Almost completely pure way of storing ideas. With this I mean that you don't store unnecessary data such as "background should be white" or "left page margin is 1.3cm". It's just text. What's important is what it says + minimal markup.
Presentation is left to the reader's client. Do you want dark mode? Get a markdown editor/reader that supports it. Do you want serif font? Again, that's client's choice and not part of the document.
Markdown is good. I use it when working in the company since the format is ubiquitous. I do writing my blog posts with Markdown (Hugo for the curious).
But personally, or working with a bit more niche team, for writing personal documentation I prefer Asciidoc [0]. It has better syntax and have some nice functionalities like Table of Contents.
For personal notes, nothing can surpass Org Mode [1].
I was looking for a journaling app that didn't have vendor locking, or required some weird export dump that messed your formatting and folders up. That lead me to Markdown and Obsidian. I love it. And when I die, that shit will still be readable by any basic text editor.
Eh, while Markdown is nice I think Dokuwiki's syntax is infinitively better for any kind of text that ends up involving programming code. It also has a header syntax that makes sense, albeit rather cumbersome. And it also makes a proper distinction between italics and underline which are two different, standard typographical effects and not the same thing as Markdown seems to believe; and between ordered and unordered lists (let alone nested lists).
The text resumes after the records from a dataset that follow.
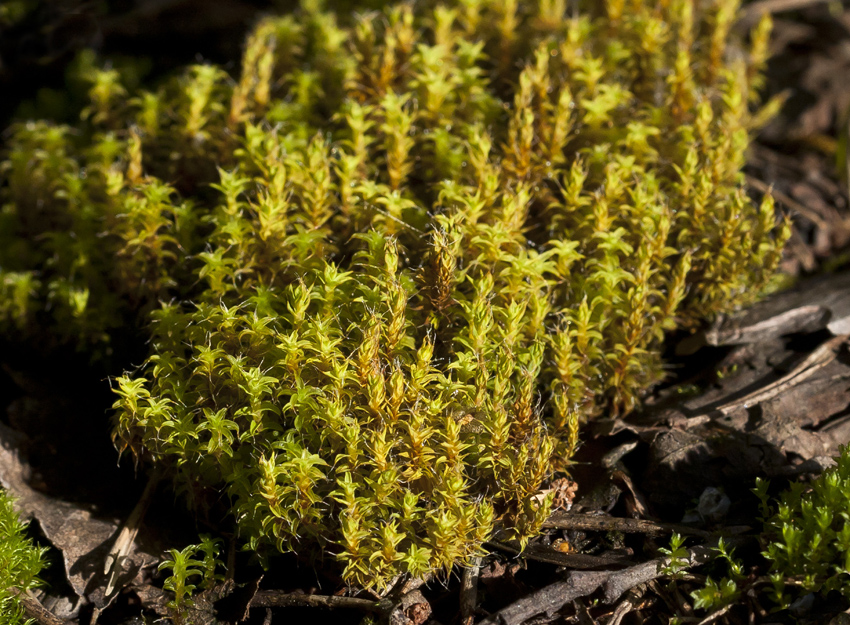 Image of Syntrichia ruralis specimen.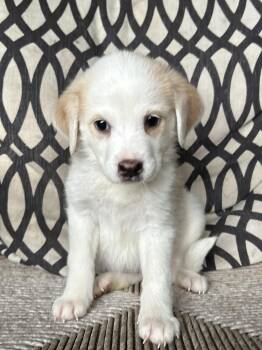 SYDNEY -  Great Pyrenees and Labrador Retriever Dog for Adoption in Fosters, Alabama - SYDNEY | PetCurious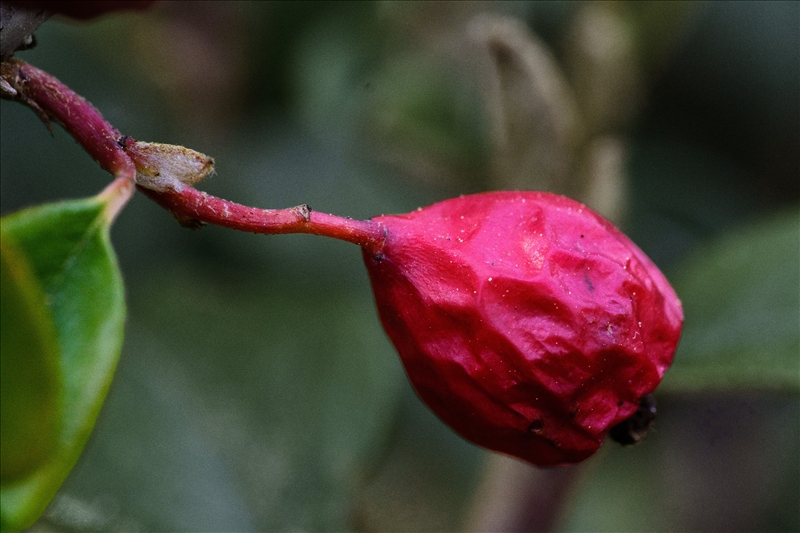 https://rehost.diberie.com/Picture/Get/r/507671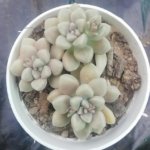 Graptopetalum amethystinum “Jewel-leaf-plant”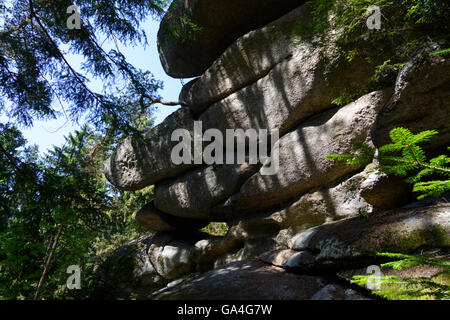 Rappottenstein Granit rock Formation "Gletscher Mühle" und Fichte Österreich Niederösterreich, untere Österreich Waldviertel Stockfoto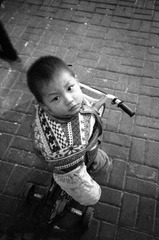 HP5+800 036.jpg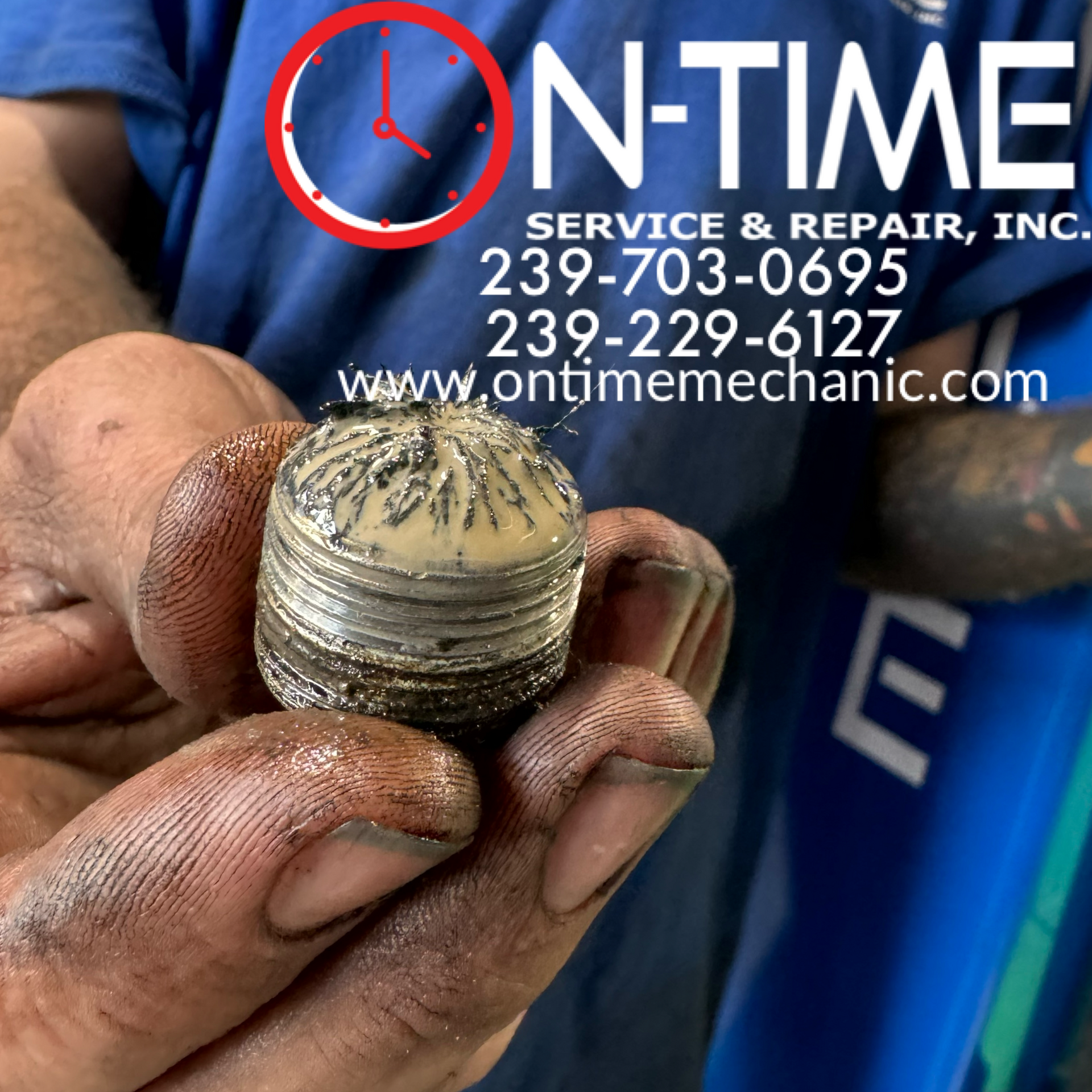 A person is holding a screw in their hands and the phone number is 239-703-0695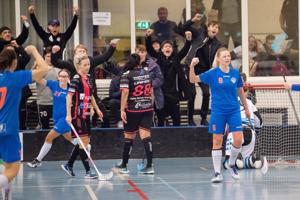 Pokalfinale: Damerne fra Frederikshavn Blackhawks fik stryg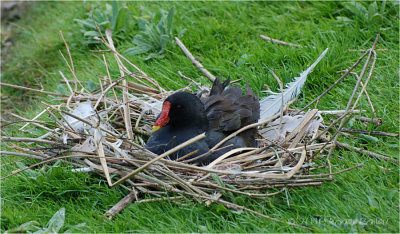 Moorhen on Nest.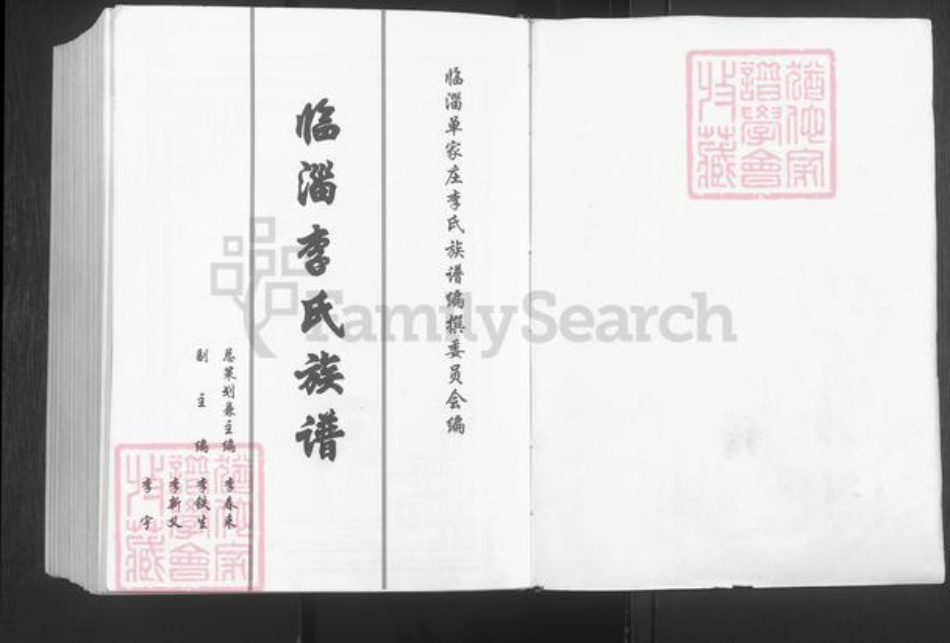 山东省淄博市临淄区李氏陇西堂族谱-临淄李氏族谱.pdf电子版插图2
Just about the only bad thing is I haven't been able to find an editor that supports it. Probably because, to my knowledge, no self-standing / independent renderer exists for it (the parser and renderer seem to be tightly integrated into the content manager).
One of these days, someone is going to invent a confluence alternative that only supports markdown and doesn't have nay of confluences stupidity and it is going to EXPLODE and bankrupt Atlassian.